──────── Input ────────

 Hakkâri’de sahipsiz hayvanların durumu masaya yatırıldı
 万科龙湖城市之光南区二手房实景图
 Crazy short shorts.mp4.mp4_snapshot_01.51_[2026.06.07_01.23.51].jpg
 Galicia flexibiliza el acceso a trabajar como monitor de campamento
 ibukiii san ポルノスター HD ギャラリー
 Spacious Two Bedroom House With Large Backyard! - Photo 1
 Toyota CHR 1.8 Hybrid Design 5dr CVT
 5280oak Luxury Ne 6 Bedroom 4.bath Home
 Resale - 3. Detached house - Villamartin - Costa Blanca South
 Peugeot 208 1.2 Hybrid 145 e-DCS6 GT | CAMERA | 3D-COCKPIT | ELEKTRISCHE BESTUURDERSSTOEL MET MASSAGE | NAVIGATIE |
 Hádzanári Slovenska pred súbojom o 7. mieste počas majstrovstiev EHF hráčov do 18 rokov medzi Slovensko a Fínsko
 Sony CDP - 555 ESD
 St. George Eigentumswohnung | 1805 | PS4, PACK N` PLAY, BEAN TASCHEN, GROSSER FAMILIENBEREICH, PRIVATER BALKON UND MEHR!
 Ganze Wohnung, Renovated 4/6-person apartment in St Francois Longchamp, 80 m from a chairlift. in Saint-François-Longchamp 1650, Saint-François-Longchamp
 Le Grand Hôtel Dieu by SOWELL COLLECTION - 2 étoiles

────────

Goal of the exercise
Repeat back the listing above exactly, including every line.

Result of this task
 Hakkâri’de sahipsiz hayvanların durumu masaya yatırıldı
 万科龙湖城市之光南区二手房实景图
 Crazy short shorts.mp4.mp4_snapshot_01.51_[2026.06.07_01.23.51].jpg
 Galicia flexibiliza el acceso a trabajar como monitor de campamento
 ibukiii san ポルノスター HD ギャラリー
 Spacious Two Bedroom House With Large Backyard! - Photo 1
 Toyota CHR 1.8 Hybrid Design 5dr CVT
 5280oak Luxury Ne 6 Bedroom 4.bath Home
 Resale - 3. Detached house - Villamartin - Costa Blanca South
 Peugeot 208 1.2 Hybrid 145 e-DCS6 GT | CAMERA | 3D-COCKPIT | ELEKTRISCHE BESTUURDERSSTOEL MET MASSAGE | NAVIGATIE |
 Hádzanári Slovenska pred súbojom o 7. mieste počas majstrovstiev EHF hráčov do 18 rokov medzi Slovensko a Fínsko
 Sony CDP - 555 ESD
 St. George Eigentumswohnung | 1805 | PS4, PACK N` PLAY, BEAN TASCHEN, GROSSER FAMILIENBEREICH, PRIVATER BALKON UND MEHR!
 Ganze Wohnung, Renovated 4/6-person apartment in St Francois Longchamp, 80 m from a chairlift. in Saint-François-Longchamp 1650, Saint-François-Longchamp
 Le Grand Hôtel Dieu by SOWELL COLLECTION - 2 étoiles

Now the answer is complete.